In this work, we presented a treatment of relativistic kinetic theory in the presence of Lorentz-violating dispersion relations associated to two commonly considered sets of coefficients in the SME. Adopting a manifestly observer-covariant approach, we carefully defined the phase-space distribution function and the Boltzmann equation, for the cases of classical and quantum (fermionic or bosonic) statistics. Using the associated transfer equation, we generalized Boltzmann’s H-theorem to the Lorentz-violating case, using an appropriate definition of the entropy current.

Next we analyzed the equilibrium solutions of the Boltzmann equation. Concentrating on those in which the phase-space distribution function is independent of the spacetime coordinates, we first constructed the appropriate forms of the particle-density current and the energy-momentum tensor. Using these, we then extracted the standard thermodynamic variables such as the energy density, the isotropic pressure, the temperature, the chemical potential and the entropy. We found that these quantities are defined in a fashion that is parallel to the Lorentz-symmetric case, but with crucial factors accounting for Lorentz-violating effects associated with the SME parameters. As an application, we analyzed Bose–Einstein condensation in the presence of Lorentz violation. We also generalized the Boltzmann equation to the case of various species of particles with different sets of Lorentz-violating coefficients, allowing for the possibility of a chemical reaction in nonelastic collisions. We compared our results to those obtained previously in the literature in studies using a conventional approach to thermodynamics in the presence of Lorentz violation, based on a partition function.

While we applied our approach explicitly on to the sets of SME coefficients \(a^\mu \) and \(c^{\mu \nu }\), our general setup can be straightforwardly adapted to accommodate dispersion relations associated to any of the other coefficients in the minimal or nonminimal SME, as well as other models with SME-like Lorentz-violating dispersion relations. Given any dispersion relation \(D(p) = 0\) involving Lorentz-violating coefficients, as an alternative to Eq. (1), one defines

$$\begin{aligned} \tilde{p}_\mu = \frac{\partial D}{\partial p^\mu }. \end{aligned}$$
(181)

The modified Boltzmann equation and the Uehling–Uhlenbeck equation are then defined by Eqs. (29) and (33), with the new definition (181) of \(\tilde{p}^\mu \). This also holds for the subsequent analysis. What needs to be adapted on a case-by-case basis is the calculation of the thermodynamical quantities in Sect. 4. It may not be feasible to compute the relevant integral (67) for all cases. If not, it may be necessary instead to resort to a simplified analysis to first order in the Lorentz-violating coefficients.

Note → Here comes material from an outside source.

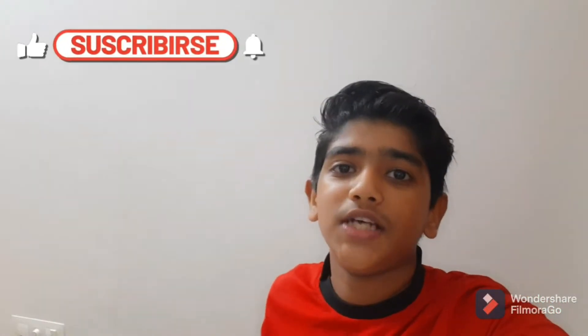Hello guys, this is Trist Local. For the first time, subscribe and like and share it with your channel. Please like this video.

In this work, we have presented the basic framework for kinetic theory in the presence of Lorentz-violating dynamics, and an analysis of equilibrium solutions of the Boltzmann equation. There are various relevant issues that are beyond the scope of the current work. The most obvious one is the application of the Boltzmann equation to analyze out-of-equilibrium processes in the presence of Lorentz violation. In particular, it should be interesting to develop the Chapman-Enskog method to derive the Lorentz-violating effects on the equations of hydrodynamics, such as the laws of Navier-Stokes and Fourier. Another interesting open topic is the derivation and analysis of the Boltzmann equation with Lorentz violation in the presence of gravitational fields [21].